Certes, innombrables sont les histoires 'hassidiques. Nous avons retenu ici celles qui nous paraissaient les plus belles parmi les moins connues, en tout cas les moins citées.
Ce choix dont nous ne méconnaissons pas la subjectivité, est évidemment fait d'après le grand recueil de Buber, mais titres et classement nous sont personnels.
LE PALMIER ET LE CEDRE
" Le juste fleurira comme un palmier, il s'élèvera comme un cèdre du Liban ".
Le Maggid de Mezritch expliqua ainsi ce verset des Psaumes: " Il y a deux sortes de justes. Les uns consacrent leur temps à l'humanité, ils enseignent aux hommes, et se font des soucis pour eux. Les autres se soucient seulement d'apprendre pour eux mêmes. Les premiers portent des fruits nourrissants, comme le palmier-dattier. Les autres sont comme le cèdre : orgueilleux et stériles".
EXILS
Dans le psaume 119, le psalmiste dit à D.ieu: " Je suis un étranger sur la terre, ne me cache pas tes commandements ".
Toi aussi D.ieu, comme moi, tu es un étranger sur la terre et Tu n'as plus de sainte demeure pour ta gloire.
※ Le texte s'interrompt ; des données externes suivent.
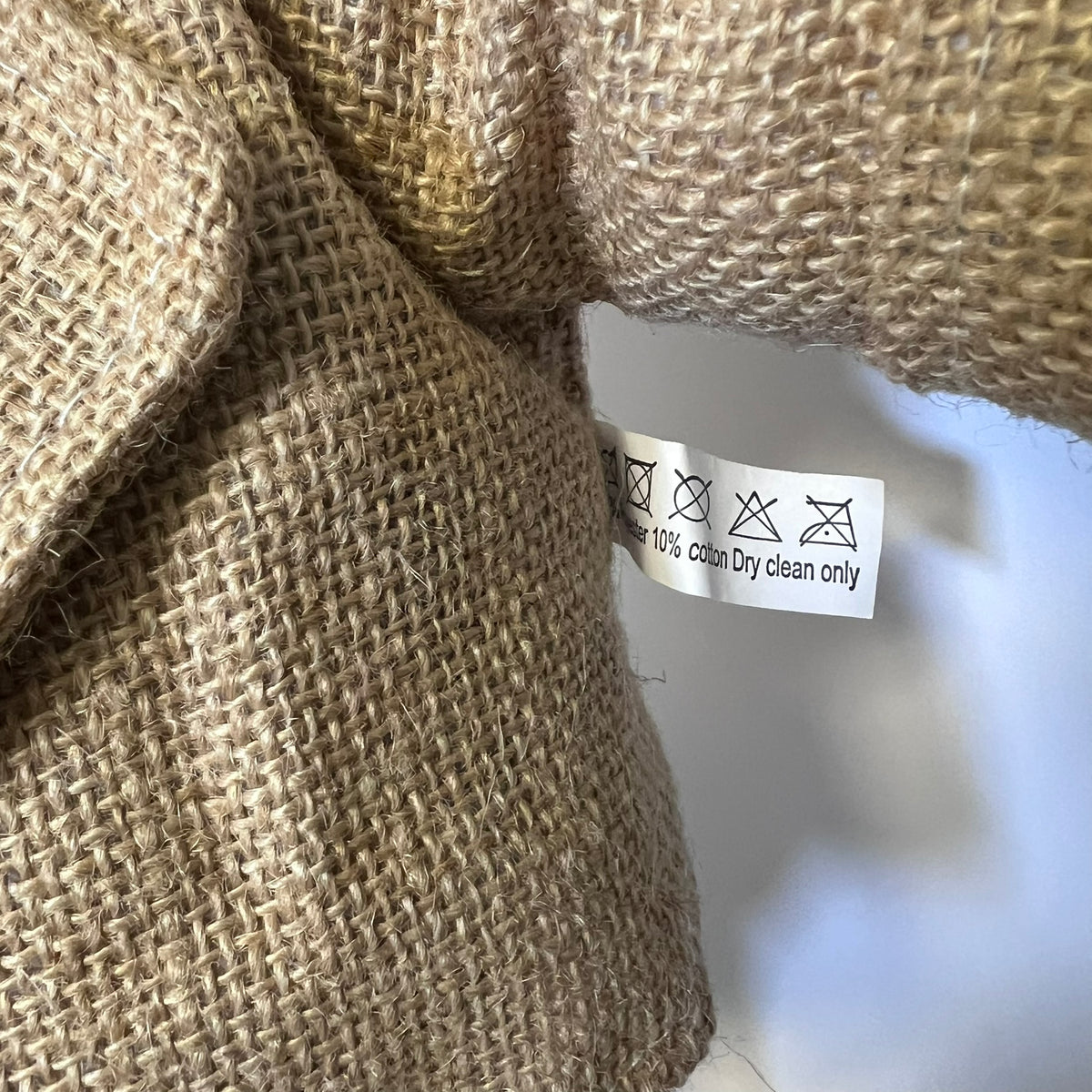 Close-up of a fabric texture with a care label on a blurred background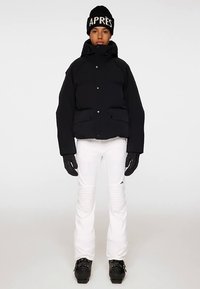 Svart vadderad jacka med tryckknappar, kombinerad med vita skidbyxor med strukturerade ränder. Svarta handskar och mössa med texten "APRÈS".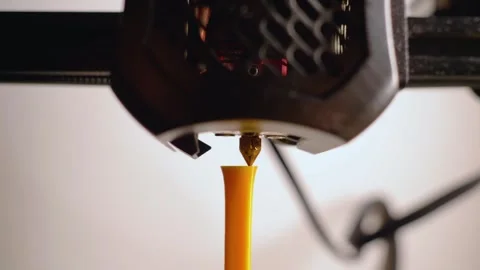 Macro View of a 3D Printer Manufacturing a Yellow Plastic Detail 库存影片 252079251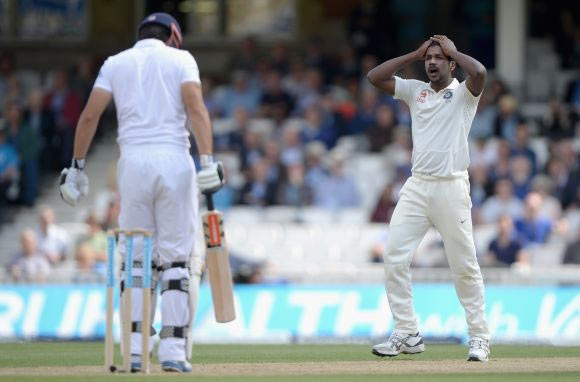 Varun Aaron of India reacts after bowling to England captain Alastair Cook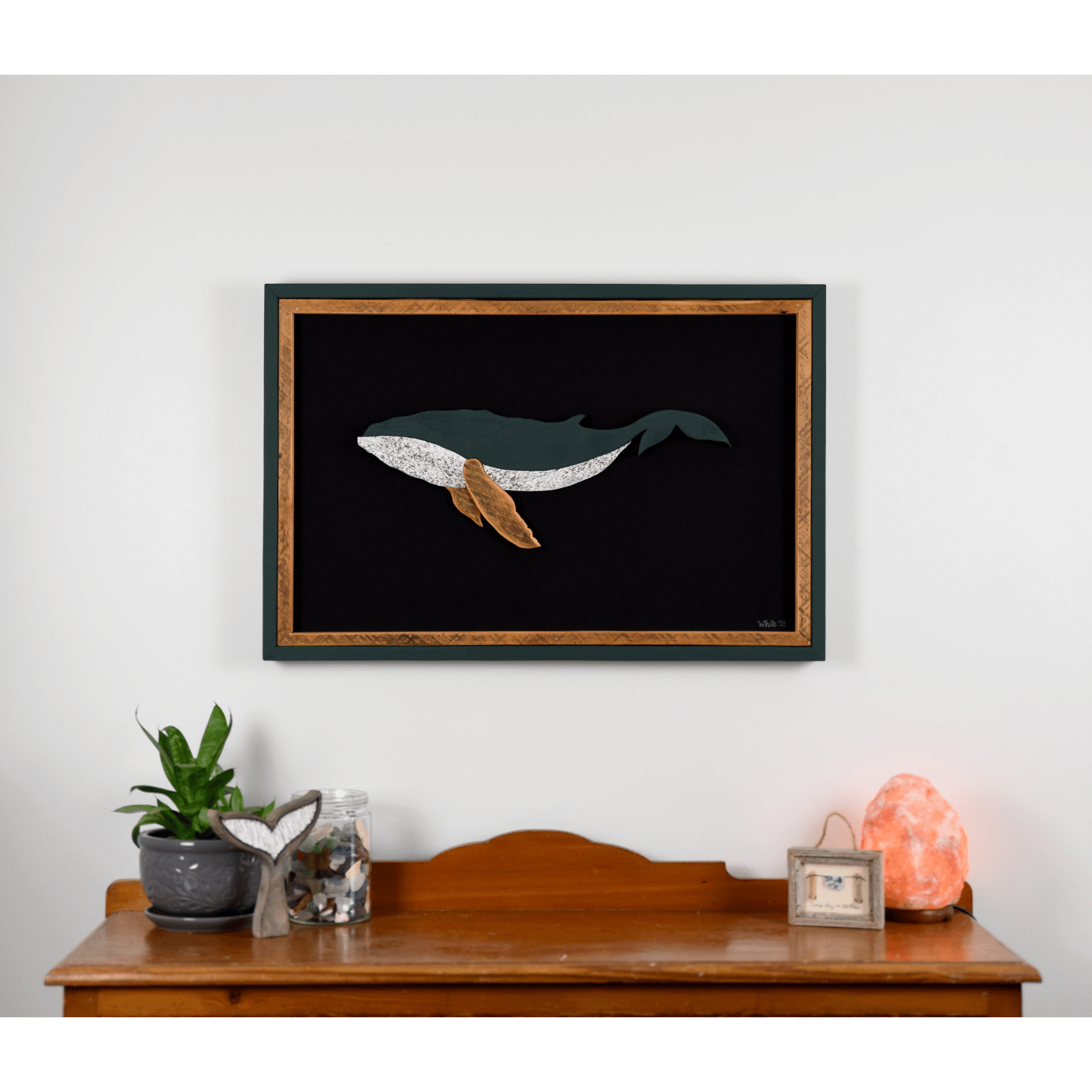 The Humpback showcases a humpback whale made from reclaimed wood and driftwood with green exterior frame, brown tone wood interior trim and fins, and a black canvas.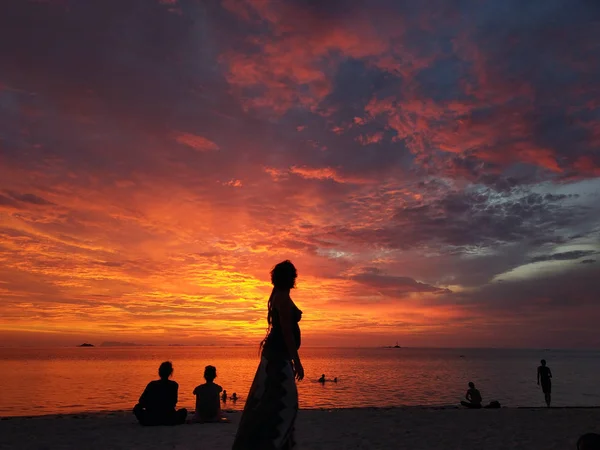 Silhouette of people on sunset beach. Side view of female silhouette on tropical coastline against multicolored tropical sunset sky with people around, Thailand
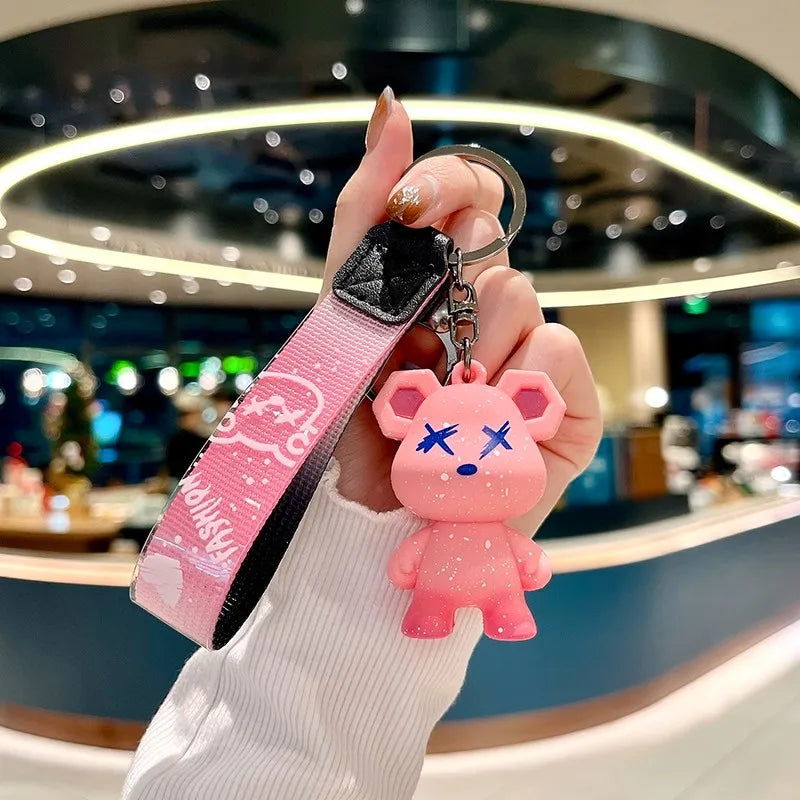 A hand holds a pink plush toy shaped like a rabbit, attached to a black leather key case.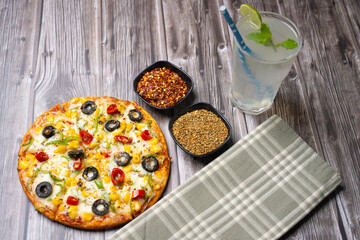 Veg Pizza serving. Italian dish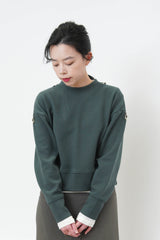 Green pullover in crop cut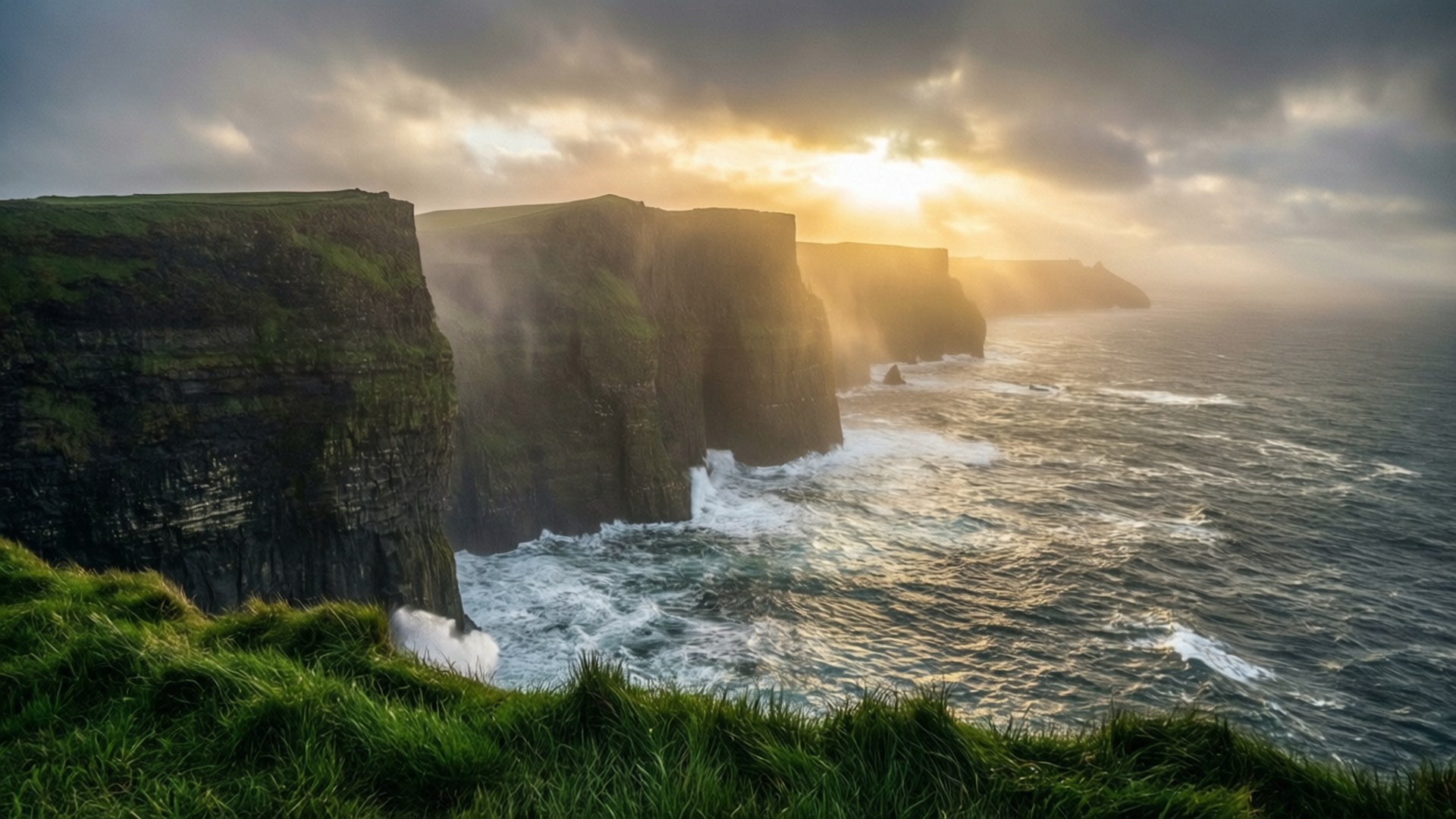 Cliffs of Moher Sunrise 壁紙 — 陽光穿過暴風雲，照亮了戲劇性的海崖，海浪在茂密的綠草下拍打。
Au sujet de ce verset, R. Barukh disait : celui qui est contraint de s'exiler et qui arrive dans un pays étranger, n'a pas une âme à qui parler, n'ayant rien de commun avec les gens du pays. Mais s'il arrive un deuxième étranger même d'un pays complètement différent, les deux peuvent se confier l'un à l'autre, se fréquenter, et devenirs amis. Et s'ils n'avaient pas été des étrangers tous les deux, ils n'auraient pas établi entre eux une aussi bonne amitié. Voici ce que le psalmiste veut dire : Toi aussi D.ieu, comme moi, tu es un étranger sur la terre et Tu n'as plus de sainte demeure pour ta gloire. Alors ne t'éloigne pas de moi; mais révèle moi tes commandements pour que je devienne ton ami ".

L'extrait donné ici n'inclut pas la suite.